Pushforward of pullback of a sheaf

Are there any reasonable hypotheses on a map $f: X \to Y$ and a sheaf $E$ on $Y$ so that $f_* f^* E \cong E$?


Solution 1:

Have you looked at this question? -This is a sort of reciprocal of yours.

Both functors $f^*$ and $f_*$ are adjoints ($f^*$ left, $f_*$ right). In the previous question, it was asked when the counit of the adjunction $f^*f_*{\cal F} \longrightarrow {\cal F}$ was an isomorphism. The case $Y=*$ a point gives a nice example of what you can expect then.

As for your case, you are asking when the unit of the adjunction ${\cal F} \longrightarrow f_*f^*{\cal F}$ is an isomorphism.
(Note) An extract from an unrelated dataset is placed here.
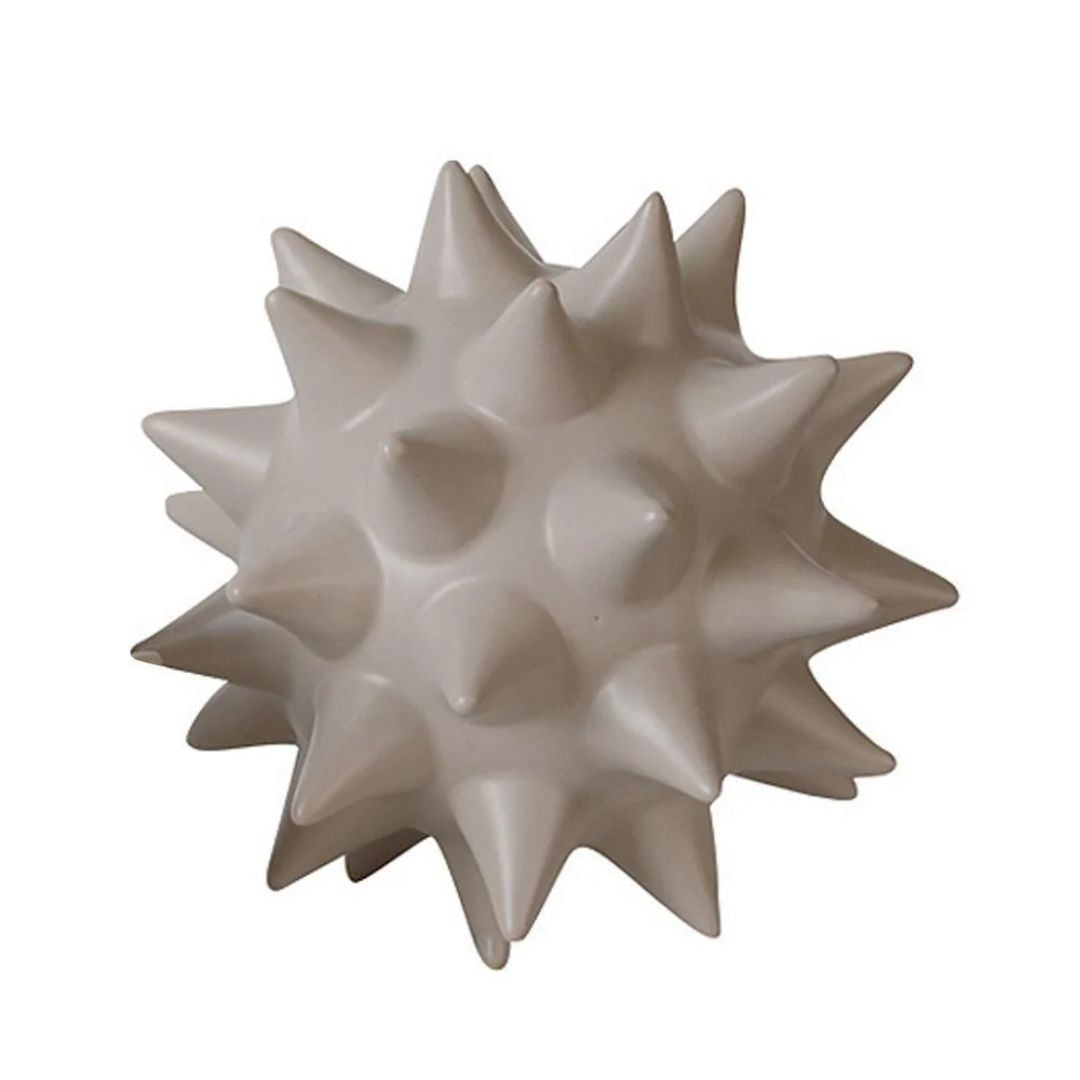 Ceramic Sea Urchin Ball decorative figurine by BEACON, home decor accent with intricate sea urchin design.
An interesting case for you could be the following: take $X = Y_\mathrm{dis}$; that is, $Y$ with the discrete topology, in which every point is an open set, and $f= \mathrm{id} :Y_\mathrm{dis} \longrightarrow Y $ to be the identity map. Then, $f_*f^*{\cal F} = \prod_{y\in Y} y_*({\cal F}_y) $, where ${\cal F}_y $ is the stalk of ${\cal F}$ at the point $y$ and $y_*$ is the direct image functor induced by the inclusion of a one-point space ${*} \hookrightarrow Y$ at the point $y$. That is, $y_*({\cal F}_y)$ is a skyscraper sheaf.

Or, if you want it simpler, take $X = {*}$ a one-point space and you can delete that product $\prod_{y\in Y}$, getting just ${\cal F} \longrightarrow y_*({\cal F}_y)$.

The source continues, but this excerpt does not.